▶ [PROBLEM TO WORK ON]:
Go line by line through the records below. Copy whichever lines contain the string "more".

▶ [ENTRIES SHOWN]:

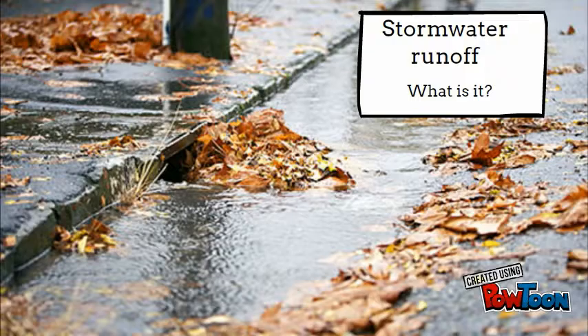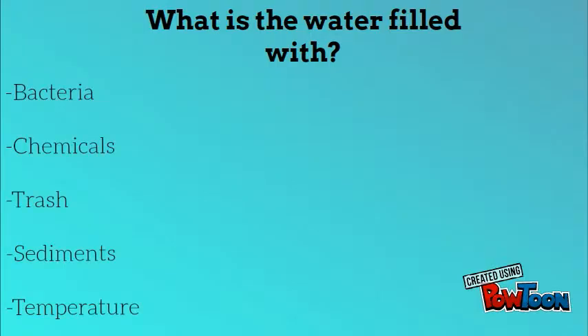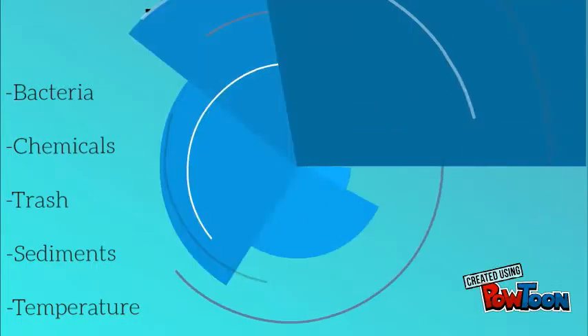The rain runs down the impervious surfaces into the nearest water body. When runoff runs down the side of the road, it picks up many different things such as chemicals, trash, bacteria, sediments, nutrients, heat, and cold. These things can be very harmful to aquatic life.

...

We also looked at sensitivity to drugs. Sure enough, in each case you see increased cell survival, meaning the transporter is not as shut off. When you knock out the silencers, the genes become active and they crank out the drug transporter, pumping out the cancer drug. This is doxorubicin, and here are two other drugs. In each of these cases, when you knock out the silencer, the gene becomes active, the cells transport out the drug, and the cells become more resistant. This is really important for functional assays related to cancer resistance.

---

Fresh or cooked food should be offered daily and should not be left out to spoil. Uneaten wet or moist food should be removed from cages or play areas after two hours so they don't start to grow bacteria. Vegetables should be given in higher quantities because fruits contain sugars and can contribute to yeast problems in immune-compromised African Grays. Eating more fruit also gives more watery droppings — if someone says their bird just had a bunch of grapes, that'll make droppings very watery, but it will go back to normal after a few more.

▶ [SOLUTION FOR THIS EXERCISE]:
We also looked at sensitivity to drugs. Sure enough, in each case you see increased cell survival, meaning the transporter is not as shut off. When you knock out the silencers, the genes become active and they crank out the drug transporter, pumping out the cancer drug. This is doxorubicin, and here are two other drugs. In each of these cases, when you knock out the silencer, the gene becomes active, the cells transport out the drug, and the cells become more resistant. This is really important for functional assays related to cancer resistance.
Fresh or cooked food should be offered daily and should not be left out to spoil. Uneaten wet or moist food should be removed from cages or play areas after two hours so they don't start to grow bacteria. Vegetables should be given in higher quantities because fruits contain sugars and can contribute to yeast problems in immune-compromised African Grays. Eating more fruit also gives more watery droppings — if someone says their bird just had a bunch of grapes, that'll make droppings very watery, but it will go back to normal after a few more.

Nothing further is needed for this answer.